“But he said “MERS did not have authority, as ‘nominee’ or agent, to assign the mortgage absent a showing that it was given specific written directions by its principal. This court finds that MERS’s theory that it can act as a ‘common agent’ for undisclosed principals is not support(ed) by the law.”
“He said that in future cases involving MERS, parties seeking in bankruptcy proceedings to avoid the ban on legal claims must show they own both the note and the mortgage.”
Whether or not one party can act as agent for another party, and to what extent that party can act is spelled out in the contracts between the parties and is usually found binding UNLESS THE LAW SAYS IN SOME SPECIFIC CIRCUMSTANCE IT IS NOT and is usually NOT prohibited just because one party gives another party wide latitude to act as their agent without incident by incident instructions.
I think the judge might be acting, wrongly, on how poorly MERS has done things, as opposed to the true legality of whether or not it had authority for its actions according to its contracts with banks and mortgage lenders.
Karl Denninger explains it much better than I can:
In many states, there is NO position of “nominee” for real estate titles.
Let me explain a minute where the term “nominee” comes from.
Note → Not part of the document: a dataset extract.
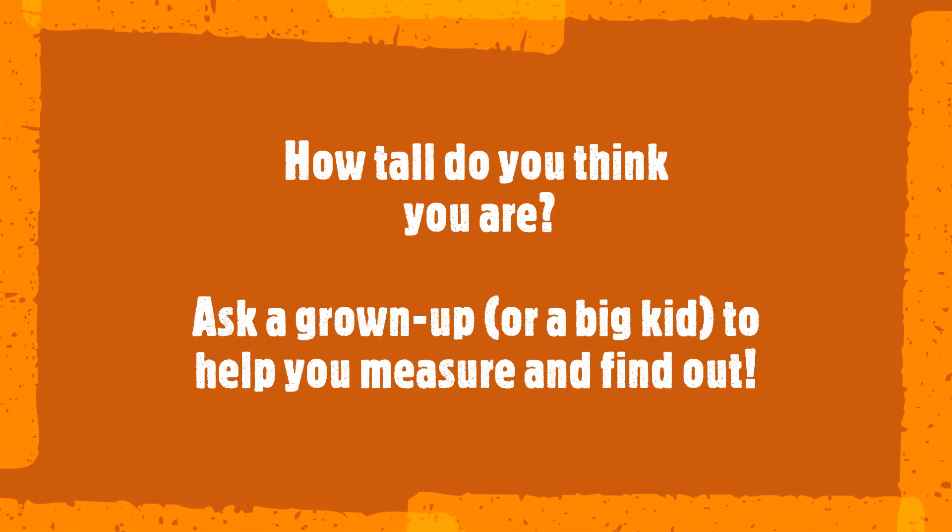So how tall do you think you are? Ask a grown-up or a big kid to help you measure and find out.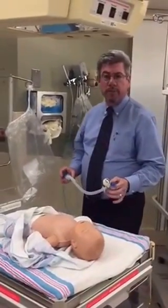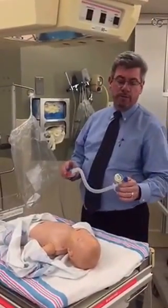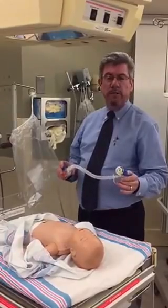Good evening. My name is John Lavin. I'm going to be introducing the Mercury Medicals Neo T today. It is a T-piece resuscitator that's completely disposable.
It does NOT come from the world of real estate.
When you hold stock in an account at your broker, your stock is held “in street name” with your broker as the “nominee” for you, and your broker has an internal record of how many shares of X (US Steel as an example) you own, Mr. Smith owns, etc. They’re all held “in street name” by your broker as nominee for you.
MERS tried to apply the same kind of idea that made selling stocks and bonds easy-peasy-lemon-squeezy on the street. Well, trouble is, there is no such thing as “nominee” in many states’ real estate title law. There is no such noun, no such position, no such thing.
So MERS calling themselves nominee on a mortgage or note is like calling themselves “Martian with a pink tutu.” It is an amusing non-sequitur in the real estate transfer.
Now, calling themselves an “agent” might work in some states. Calling themselves an “attorney in fact” might work in others. But in this state (eg, Wyoming), where is no such thing as “nominee” in real estate law. Go ahead, read the statutes and case law. No such term exists.